Monday, 21 February 2011

UDK Motorsport: Gears of Car

In the previous post I talked about torque curves, and Unreal's way of approximating them. My objective now is to create a manual gear box. As usual I'll first take a look at how things work in real life, then I'll see how to circumvent Unreal's annoying methods.


Remember when I said the the engine, the drive shaft and the wheels spin at the same speed? Well that would be true if gear boxes didn't exist. Why do they exist, by the way?

Have you ever managed to start moving a car while on 5th gear (where the wheels spin about as fast as the shaft)? Probably not. That's because the torque provided by the engine is not sufficient. It would take tremendously powerful engines to do such a thing (at a decent speed). Gear boxes exist to solve that problem. It works based on a mechanic principle called mechanical advantage. Look at the picture below (nicked from Wikipedia):



Because of the difference in the number of teeth, the cog on the right has a slower angular speed than the one on the left. And because the laws of the universe like when things are balanced, there has to be some sort of compensation for this loss of speed. In this case, we gain torque. And that's what gear boxes are for, reducing the speed of the wheels in order to have the torque required to move the car. Obviously, as the wheel speed is being limited, so is the overall car's max speed. That's why there are several gears, to balance the need for torque and the need for speed ­(tm).

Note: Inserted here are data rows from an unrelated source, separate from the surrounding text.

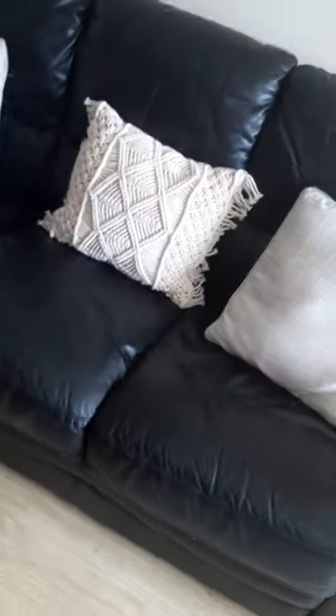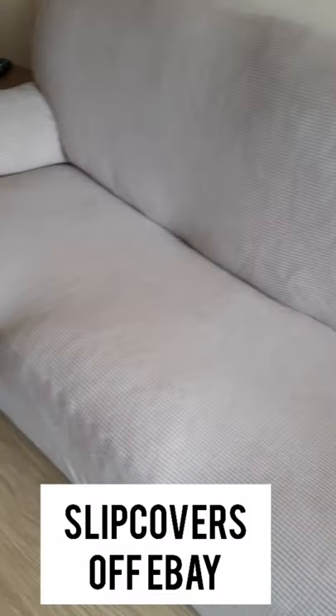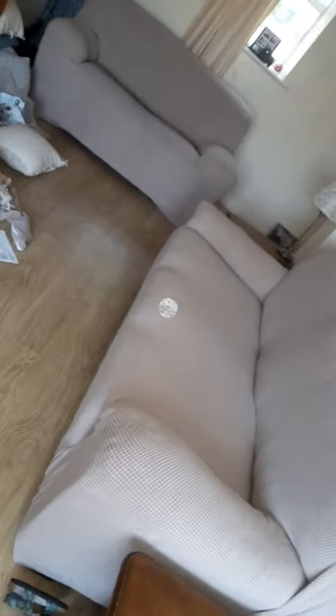Here are the sofas before the slipcover, and then here is after — this is what it's looking like after. I'm going to put some throws on and some cushions, and I'll show you what that looks like.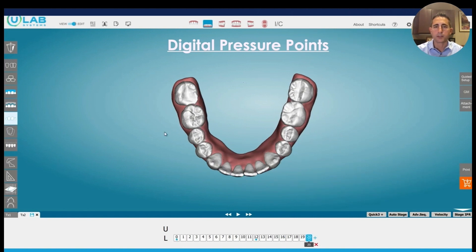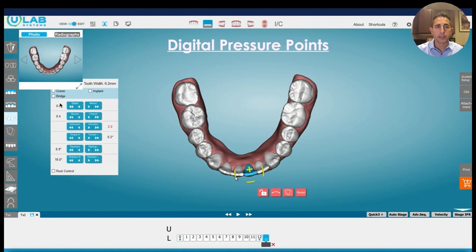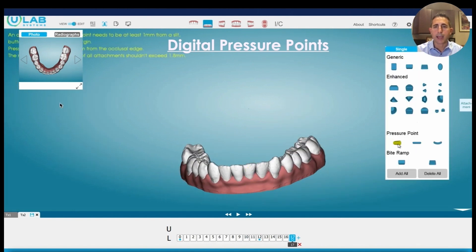If you looked in the mouth, you might see that the aligner is sticking out a little bit in that area. But we still have the ability to place force on these teeth. We have a lower left one here that is rotated — it's supposed to be straight according to the software and what we set up initially. We're going to go ahead and add a keyframe, just like we talked about before, to overcorrect the rotation. And if we want to increase the force even further, we can add pressure points.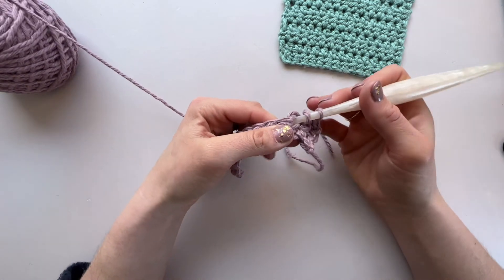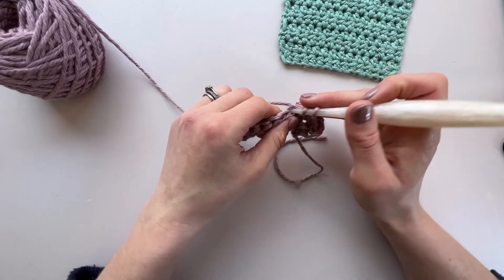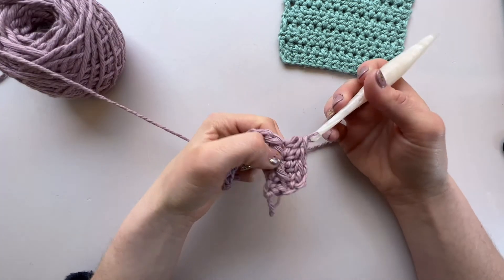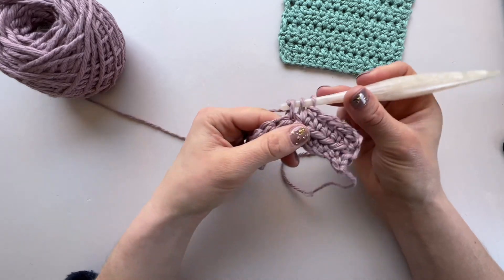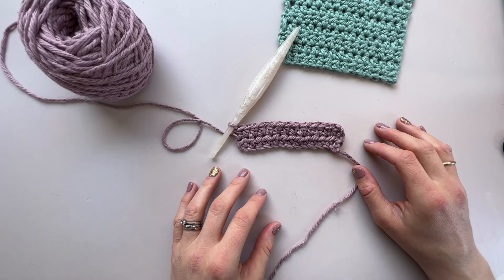And that is all there is to it for this row and the rest of the rows for as long as you want to work. And that's it — that's how to work a half double crochet stitch in rows.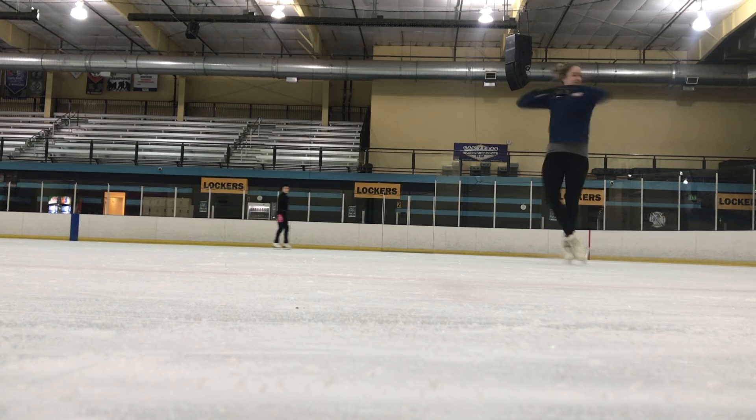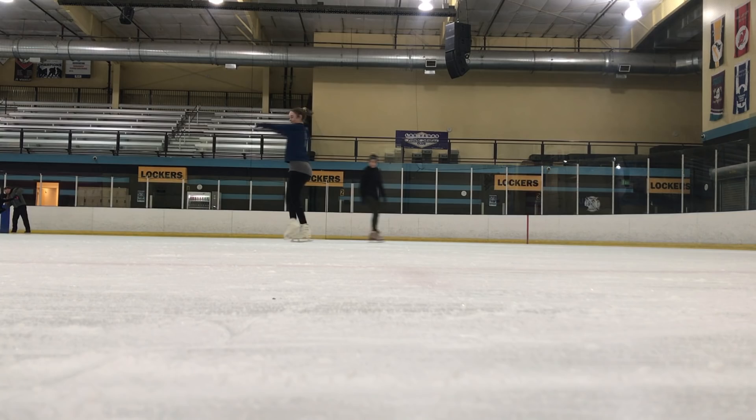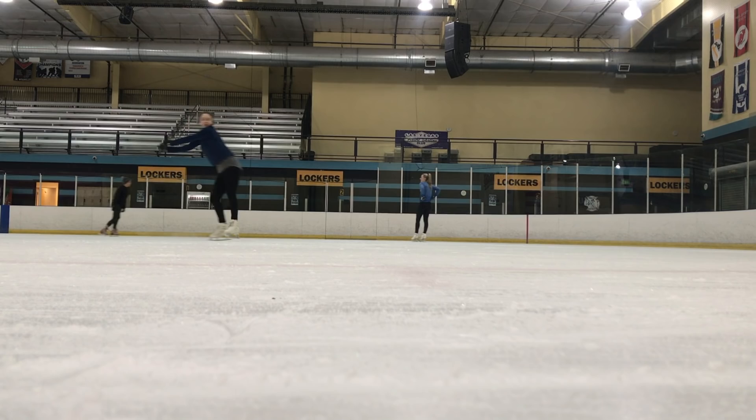Next we're going to be talking about the push into your spin. Just like the entrance, you want to get around it. In the scratch spin I'm showing you right now I am pushing and getting around my entrance so I have a centered spin. If you just push and don't get around it, you're going to travel. Think of it this way: if you are having trouble coming around your spin, you are making a half circle before you come up and do your spin.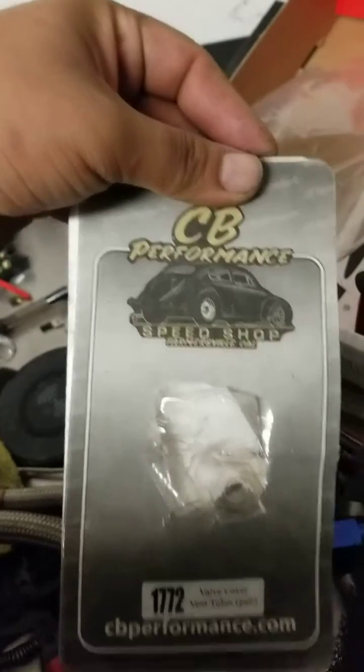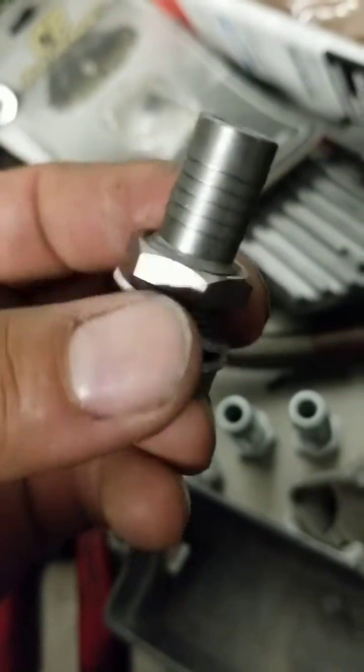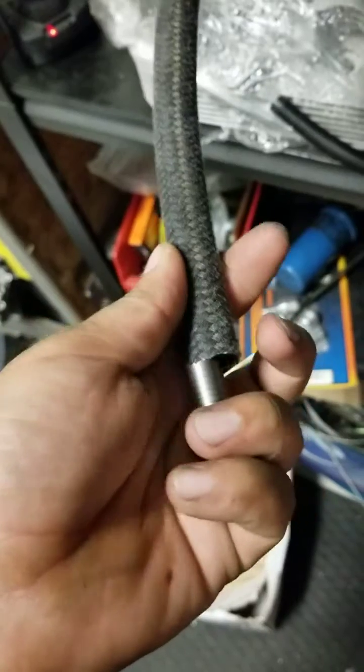A lot of people buy this — it's just a breather box, so at least do this. From CB you get these, they're nice. With this you can run this hose — 12mm, it's like the closest one to a half inch — and you don't even need to put a hose clamp or anything.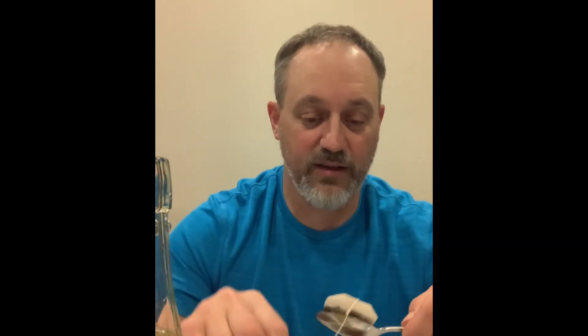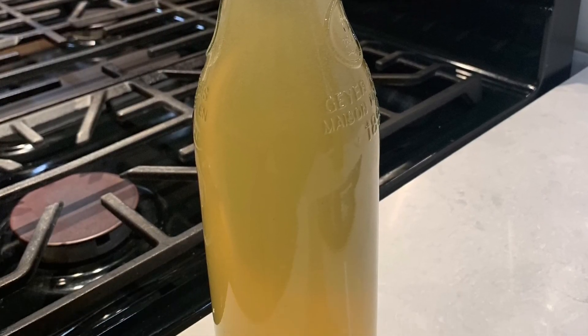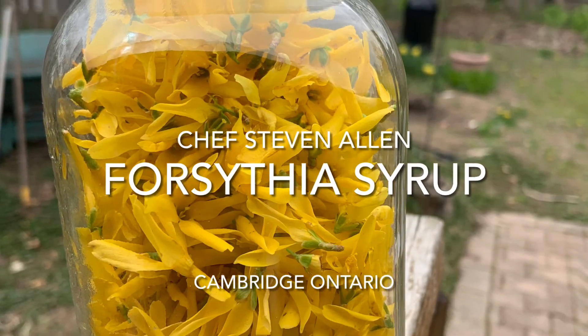With that, I've got a little bit of tea steeping here and I will leave you folks. If you have enjoyed this video or any of my other videos and you haven't subscribed yet, please do so. Pass along to friends and family and get them to do so as well, as I will be coming in with a lot more videos of this foraging and recipe nature. And if you happen to make some forsythia syrup, enjoy your tea as I am going to do right now. Thank you.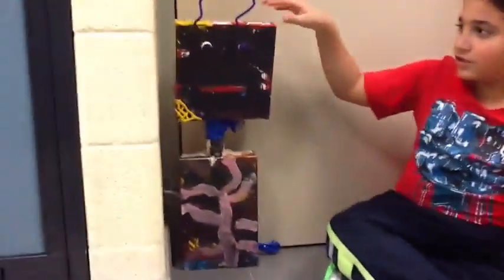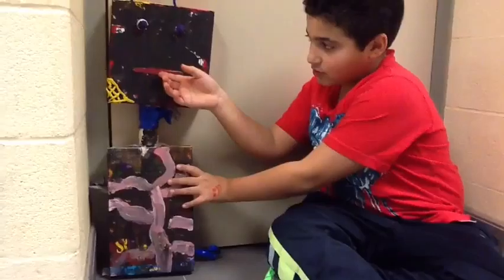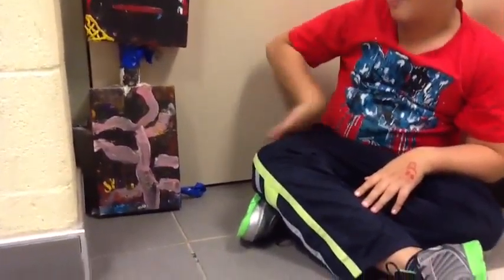We're going to evaluate ourselves in this robot we built. We're going to evaluate how we do the cross hatching and how we do the emotion lines. Where is the emotion lines? The emotion lines is right here. What emotion does that represent? That represents happiness.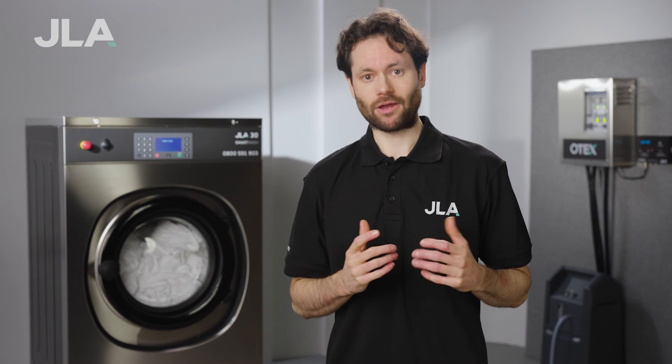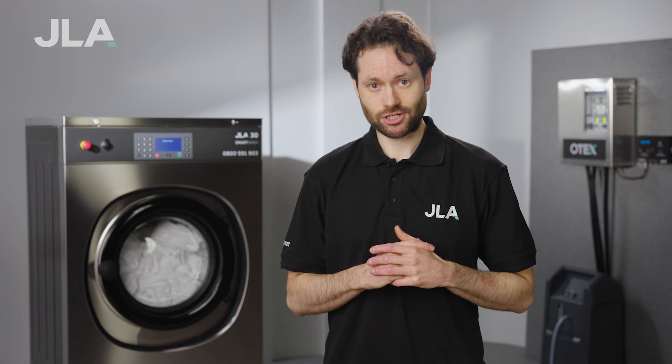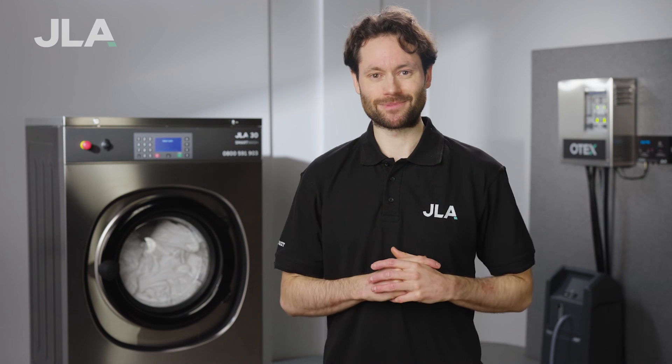If you'd like to know more about how our OTEC laundry disinfection system could help your infection control process, get in touch with our laundry team today.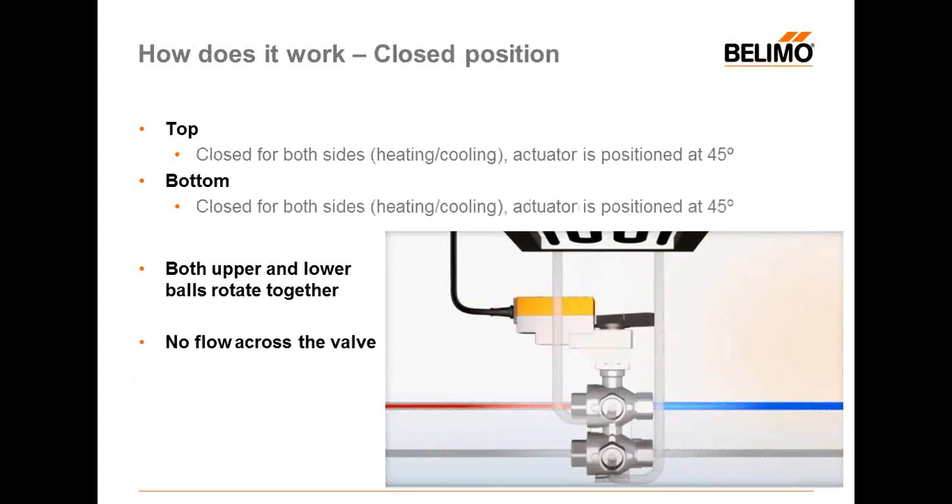We also have what we call a closed position or dead band. In this position, at 45 degrees, the actuator will be positioned so both the top and bottom parts are at 45 degrees, which means closed for both heating and cooling. Both upper and lower balls rotate together and no flow passes across the valve.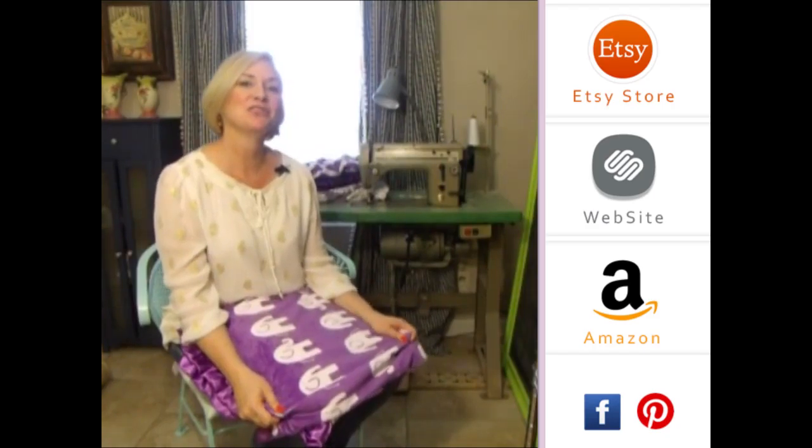Hey girls, thank you so much for visiting us. Please subscribe to our YouTube channel — you'll see all the latest fabrics as they come out. You can also click to our store website, and down below you'll see our social media icons. We do free giveaways quite frequently. Thank you so much.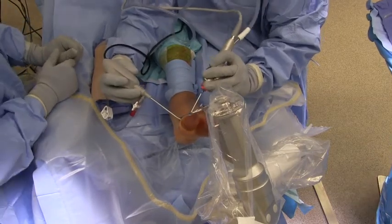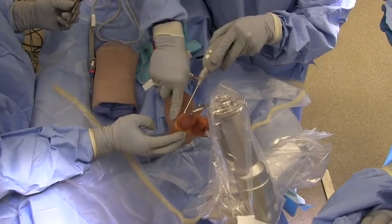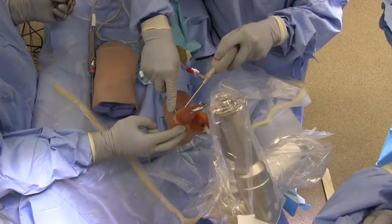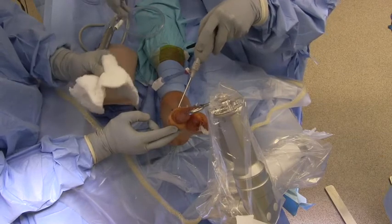We then utilize a small osteotome to mobilize the nonunion site. Intraoperative photos illustrate the technique above. We then remove the nonunion fragment in a simple piecemeal fashion. Intraoperative photos illustrate this technique.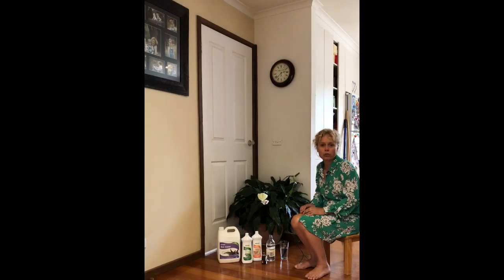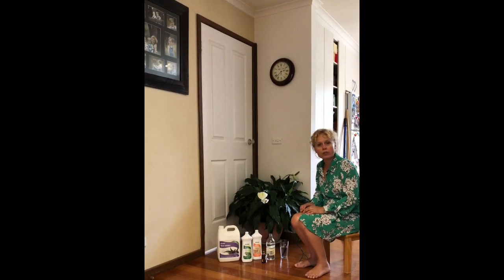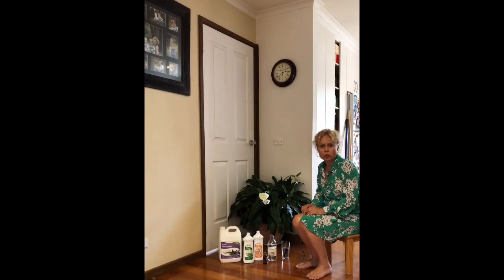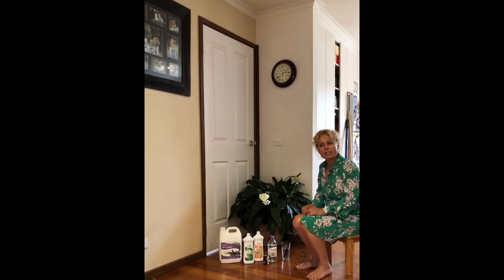Let's start with what you never use on a timber board. The first is essential oils, especially undiluted essential oils like eucalyptus and citrus-based ones, because they're really good degreasers and solvents — so they will potentially compromise the sealants on top of your timber boards.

Setting a gear is merely a matter of saying "I want the shaft to spin 3 times faster than the wheels" which is equivalent to "I want to triple the torque provided by the engine".

There's a neat way of visualising gear ratios:


This basically shows the min and max speed for each gear. Note that on the y axis is the engine's RPM.

Now that I know how this works (quite simple in the end), how to make it happen in Unreal?

Well that's simple, but not trivial. As seen before, Unreal's torque curve is based on the vehicle's speed rather than the engine's RPM. But since for a given speed, the engine provides different torques based on the current gear, this means I need to make one torque curve per gear. And of course, for the sake of consistency, the curve must match the engine torque curve's shape every time. A real pain in the bottom, as well as a potential source of errors.

However, once I've got my curves, all that is left to do is replacing on the fly TorqueVSpeedCurve when I press the gear shifting buttons.

It works quite well (though I couldn't be bothered to find nice curves):


To simulate engine brake when shifting down, I drop the torque curve into negative values above a set speed.

On a side note, it has been said on UDN but it bears repeating: when testing vehicles, the editactor console command is your best friend ever.

So, it is completely possible to make a manual gear box, it's even easy. However, the way Unreal handles the torque curve makes the whole process a bit painful. I'm pretty sure this could be simplified by managing myself the torque applied to the wheels, but that would mean doing myself things Unreal can already do.